Check every line of the material below, and show those that contain "Shirt".

================================

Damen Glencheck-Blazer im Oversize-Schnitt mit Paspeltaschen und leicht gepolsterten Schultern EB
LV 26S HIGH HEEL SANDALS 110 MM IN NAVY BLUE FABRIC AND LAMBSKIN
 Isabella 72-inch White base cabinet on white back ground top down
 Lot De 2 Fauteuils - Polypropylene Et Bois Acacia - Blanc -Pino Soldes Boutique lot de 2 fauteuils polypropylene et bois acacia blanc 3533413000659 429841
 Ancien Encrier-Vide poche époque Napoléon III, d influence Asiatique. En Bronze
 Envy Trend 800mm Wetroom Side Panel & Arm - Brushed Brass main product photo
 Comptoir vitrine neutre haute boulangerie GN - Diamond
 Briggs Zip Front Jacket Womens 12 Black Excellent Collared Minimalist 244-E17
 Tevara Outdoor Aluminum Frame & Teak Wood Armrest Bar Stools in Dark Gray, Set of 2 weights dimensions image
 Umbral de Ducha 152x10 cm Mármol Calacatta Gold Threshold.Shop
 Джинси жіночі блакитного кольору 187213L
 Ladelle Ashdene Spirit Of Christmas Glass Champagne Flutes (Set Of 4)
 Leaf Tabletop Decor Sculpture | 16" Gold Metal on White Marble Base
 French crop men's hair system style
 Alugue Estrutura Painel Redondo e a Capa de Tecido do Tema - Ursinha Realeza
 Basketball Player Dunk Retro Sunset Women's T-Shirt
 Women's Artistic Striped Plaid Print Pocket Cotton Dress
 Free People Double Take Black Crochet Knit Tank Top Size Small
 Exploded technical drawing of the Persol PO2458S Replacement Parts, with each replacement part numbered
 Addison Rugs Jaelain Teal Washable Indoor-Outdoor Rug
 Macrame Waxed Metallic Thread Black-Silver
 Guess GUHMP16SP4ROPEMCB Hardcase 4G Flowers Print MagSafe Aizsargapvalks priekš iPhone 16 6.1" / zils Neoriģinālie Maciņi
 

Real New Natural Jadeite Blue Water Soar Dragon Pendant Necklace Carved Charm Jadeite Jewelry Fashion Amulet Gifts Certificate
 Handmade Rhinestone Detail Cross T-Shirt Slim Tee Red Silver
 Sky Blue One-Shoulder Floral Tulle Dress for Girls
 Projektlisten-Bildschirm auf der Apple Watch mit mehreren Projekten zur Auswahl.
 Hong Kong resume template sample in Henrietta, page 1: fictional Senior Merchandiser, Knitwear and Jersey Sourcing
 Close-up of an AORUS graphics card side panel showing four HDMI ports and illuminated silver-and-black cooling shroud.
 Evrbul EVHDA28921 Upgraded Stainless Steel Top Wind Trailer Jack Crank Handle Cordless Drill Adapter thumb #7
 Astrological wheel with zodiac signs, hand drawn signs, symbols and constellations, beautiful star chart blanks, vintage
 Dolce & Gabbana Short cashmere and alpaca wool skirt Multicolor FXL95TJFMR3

================================

## Result for this task
 Basketball Player Dunk Retro Sunset Women's T-Shirt
 Handmade Rhinestone Detail Cross T-Shirt Slim Tee Red Silver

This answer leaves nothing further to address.